▶ _TASK GOAL_
Transcribe the data verbatim and drop its images.

▶ _Saved entries_
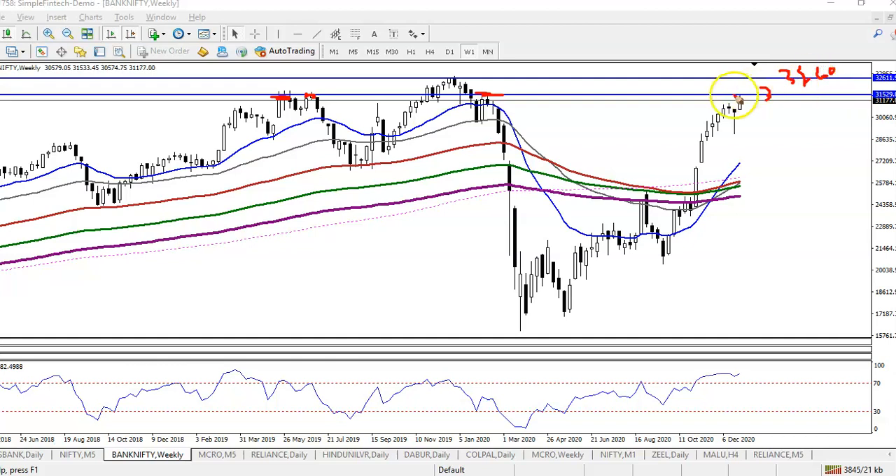We are looking for a buy after price breaks the level of 31,530. This is our resistance line, but we need a pullback first. If price pulls back again, we will definitely go for a buy.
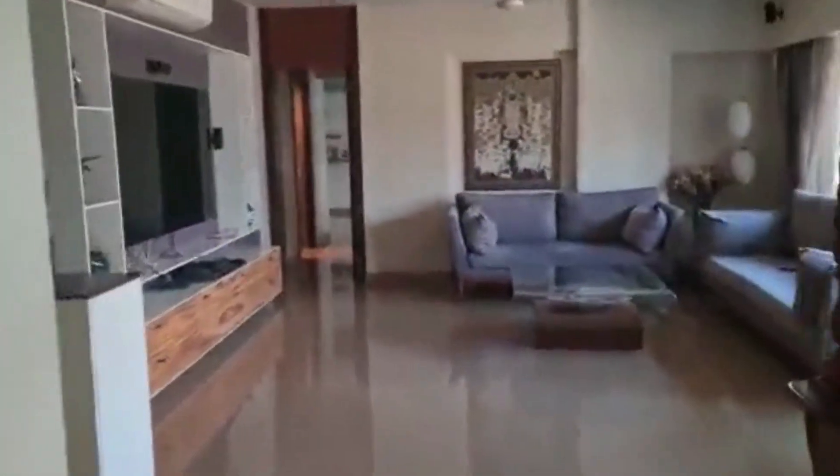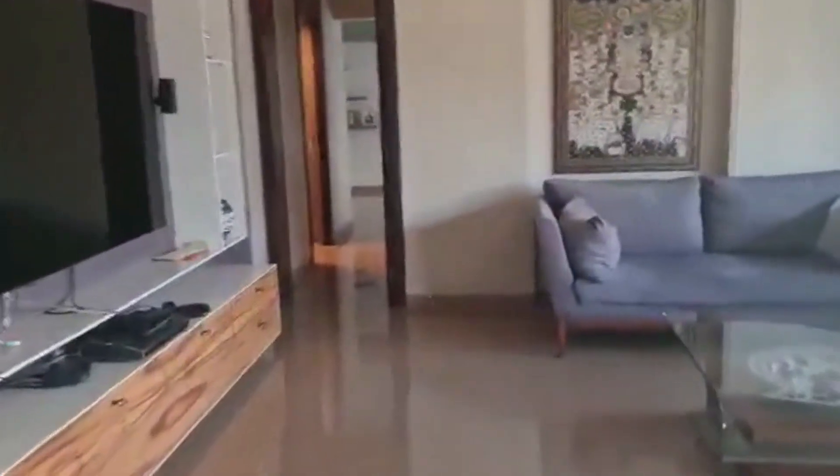Coming to the washroom — very nicely done, this flat is. Now coming from one side and going to another side, you can see the kitchen and living area again. We are now heading to the second master bedroom and the third bedroom of this flat.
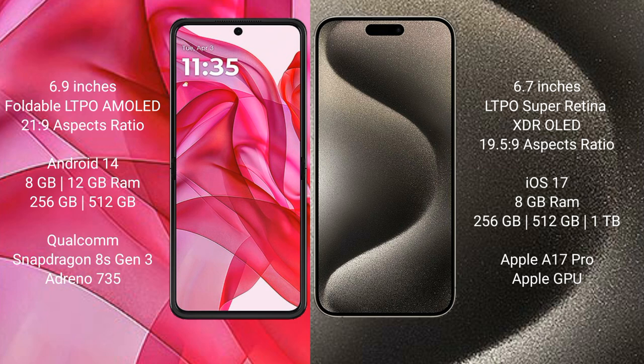Motorola Razr 50 Ultra comes with 8GB or 12GB RAM, 256GB or 512GB internal storage, powered by the Qualcomm Snapdragon 8th Gen 3 processor and Adreno 735 GPU.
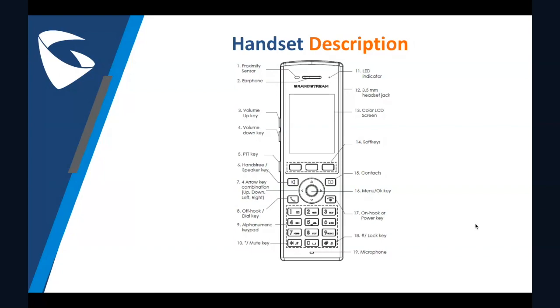Number five has the push to talk button — I have slides dedicated to this walkie-talkie-like feature later in the presentation. Number six features the hands-free speaker key, which lets you switch between headsets and hands-free speaker modes. Number ten, the mute key, activates or deactivates the mute feature when pressing the asterisk button. And lastly, number 13 points out its 2.4 inch 240 by 320 TFT color LCD screen.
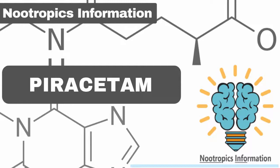Piracetam is approved in the United Kingdom but is not approved in the United States. In the UK, piracetam is prescribed mainly for myoclonus but is used off-label for other conditions.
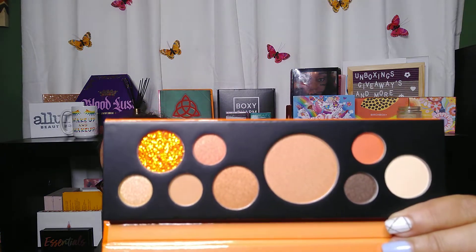I also got another palette — the Touch of Soul in Fill Up Orange. These are the colors right there. I believe I'm keeping this as a possible giveaway item too — it's more of a neutral palette.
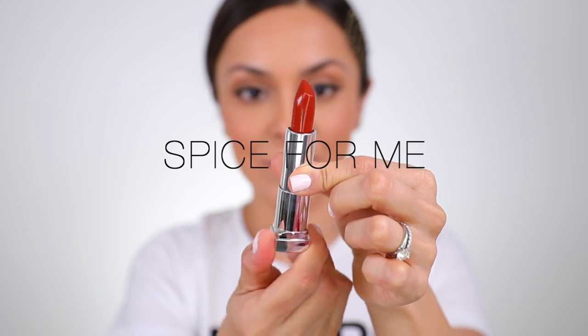Last one is Spice for Me, and I'm really excited about this one — hopefully we saved the best for last. I'd say this one stands out as the most different, the most unique of all the colors. It's like an orangey brown. Oh, this one is so good! I think this is going to be my favorite. Spice for Me and then Red for Me are my two favorites, but Spice takes it — it's unique, very on trend right now, and the fact that this is from the drugstore? Awesome job, Maybelline.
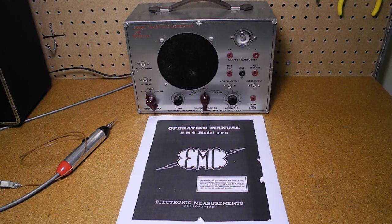They were never as large as some of the bigger test equipment manufacturers, and from what I could see, they went more for the low price range of the market. Some of their products were offered in kit form. Their marketing slogan was "EMC gives more measurement value per dollar."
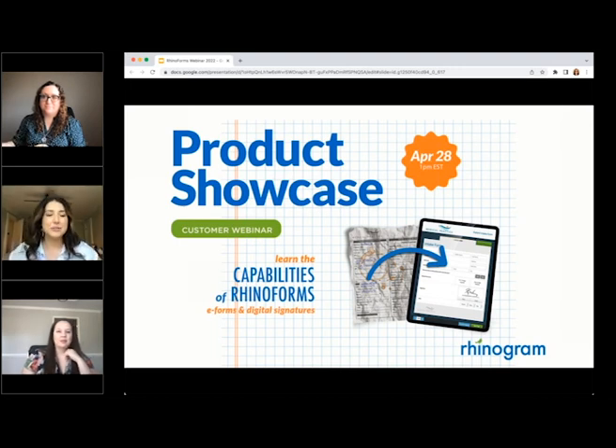It's one o'clock, so we'll go ahead and get rolling here. My name is Mackenzie Bergenbach. I am the Marketing Creative Director here at Rhinogram, and we just want to say thanks so much for joining us as we take a deeper dive into Rhinoforms. It's one of our features that's had the most hype, and we're really excited to share it with you today.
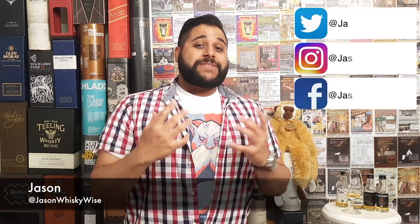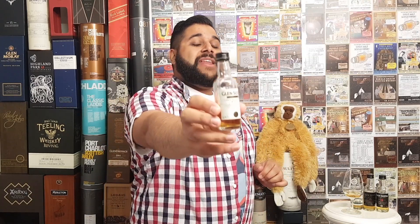Welcome to Jason Whiskey Wise. My name is Jason. Welcome to this whiskey review of the Glen Scotia Double Cask. Today we're going to be reviewing pretty much also the Glen Scotia range.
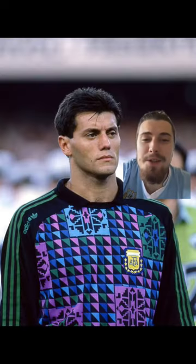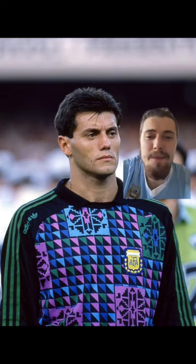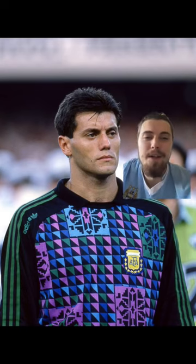In 2nd place, we've actually got this goalkeeper kit from 1990. 90s goalkeeper kits are some of the best kits of all time, and I think that didn't let us down here. I don't know what the pattern is, I don't know if it's based off anything, but it's nice to look at, so 2nd place.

▶ _ANSWER BOX_
We are looking for a buy after price breaks the level of 31,530. This is our resistance line, but we need a pullback first. If price pulls back again, we will definitely go for a buy.
Coming to the washroom — very nicely done, this flat is. Now coming from one side and going to another side, you can see the kitchen and living area again. We are now heading to the second master bedroom and the third bedroom of this flat.
Motorola Razr 50 Ultra comes with 8GB or 12GB RAM, 256GB or 512GB internal storage, powered by the Qualcomm Snapdragon 8th Gen 3 processor and Adreno 735 GPU.
Number five has the push to talk button — I have slides dedicated to this walkie-talkie-like feature later in the presentation. Number six features the hands-free speaker key, which lets you switch between headsets and hands-free speaker modes. Number ten, the mute key, activates or deactivates the mute feature when pressing the asterisk button. And lastly, number 13 points out its 2.4 inch 240 by 320 TFT color LCD screen.
Piracetam is approved in the United Kingdom but is not approved in the United States. In the UK, piracetam is prescribed mainly for myoclonus but is used off-label for other conditions.
I also got another palette — the Touch of Soul in Fill Up Orange. These are the colors right there. I believe I'm keeping this as a possible giveaway item too — it's more of a neutral palette.
Last one is Spice for Me, and I'm really excited about this one — hopefully we saved the best for last. I'd say this one stands out as the most different, the most unique of all the colors. It's like an orangey brown. Oh, this one is so good! I think this is going to be my favorite. Spice for Me and then Red for Me are my two favorites, but Spice takes it — it's unique, very on trend right now, and the fact that this is from the drugstore? Awesome job, Maybelline.
They were never as large as some of the bigger test equipment manufacturers, and from what I could see, they went more for the low price range of the market. Some of their products were offered in kit form. Their marketing slogan was "EMC gives more measurement value per dollar."
It's one o'clock, so we'll go ahead and get rolling here. My name is Mackenzie Bergenbach. I am the Marketing Creative Director here at Rhinogram, and we just want to say thanks so much for joining us as we take a deeper dive into Rhinoforms. It's one of our features that's had the most hype, and we're really excited to share it with you today.
Welcome to Jason Whiskey Wise. My name is Jason. Welcome to this whiskey review of the Glen Scotia Double Cask. Today we're going to be reviewing pretty much also the Glen Scotia range.
In 2nd place, we've actually got this goalkeeper kit from 1990. 90s goalkeeper kits are some of the best kits of all time, and I think that didn't let us down here. I don't know what the pattern is, I don't know if it's based off anything, but it's nice to look at, so 2nd place.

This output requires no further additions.